5 Answers

  1. No. Magical thinking and rational thinking are fundamentally different.

    Those who believe in magic believe that everything in the world is connected with all unknown symbolic ties. Therefore, for example, you can influence the whole through a part (for example, make a plot if you have a hair or a person's name).

    Philosophy is based on rational conceptual thinking. And even if it asserts something irrational (will, desire, spirit), it does so through logic and arguments. That is why philosophy appears at the moment of “conjuring the world”, when people are no longer satisfied with explanations from myths and mystical practices.

  2. Magic and philosophy are two in one, they cannot exist separately. Magic is the perfection and perfection of all natural sciences, since all correct philosophy is divided into physics, mathematics, and theology. There are four elements which constitute the main foundations of all corporeal things: Fire, Water, Earth, and Air, from which all things were formed, not by gathering together, but by transmutation and union, and to which they return when they are decomposed. This is my opinion and I do not impose my vision of this issue on anyone!!! With respect.

  3. Rather, it is metaphysics, and it is a voluntaristic one at that (transformation of oneself in the direction of power, omnipotence, and maximum understanding of the world). Magic itself presupposes the understanding of certain things that do not fit into rationalistic (classical) thinking, so to speak, a scientific picture of the world with a picture of cause-and-effect relationships and associations drawn by it.

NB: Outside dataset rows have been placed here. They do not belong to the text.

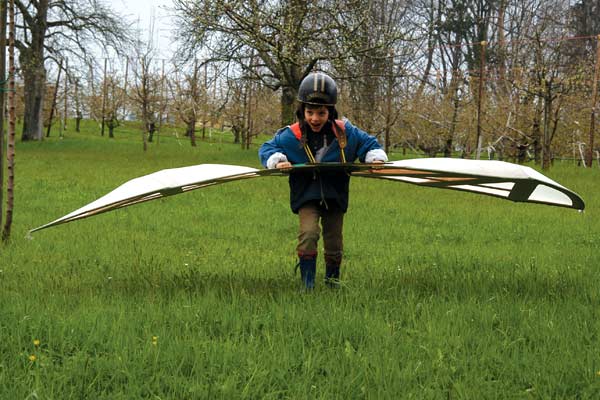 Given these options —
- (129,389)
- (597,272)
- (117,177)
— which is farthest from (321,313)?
(117,177)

  4. There is the magic of love, there is the magic of music, there is the magic of nature… there is a magic of thinking and philosophy. But seriously, any literate philosophy is built in such a way that the terms of religion, esotericism, mysticism, and mythology used in the philosophical text have a quasi-meaning. Otherwise, they carry a different meaning. They are most often used as symbols and metaphors. For example, if a philosopher speaks of God, then god is a metaphor for something in man that does not depend on man. For example, conscience. Kant says this about conscience:”a supernatural inner influence.” Or, when it is said – “divine beauty” or that love unions arise in heaven, then in philosophy this means-not created by man, but present, available.

  5. Worldview if you like, but not everyone can understand it, it is different for many, I don't believe in white and black magic, but only my own and it has many colors.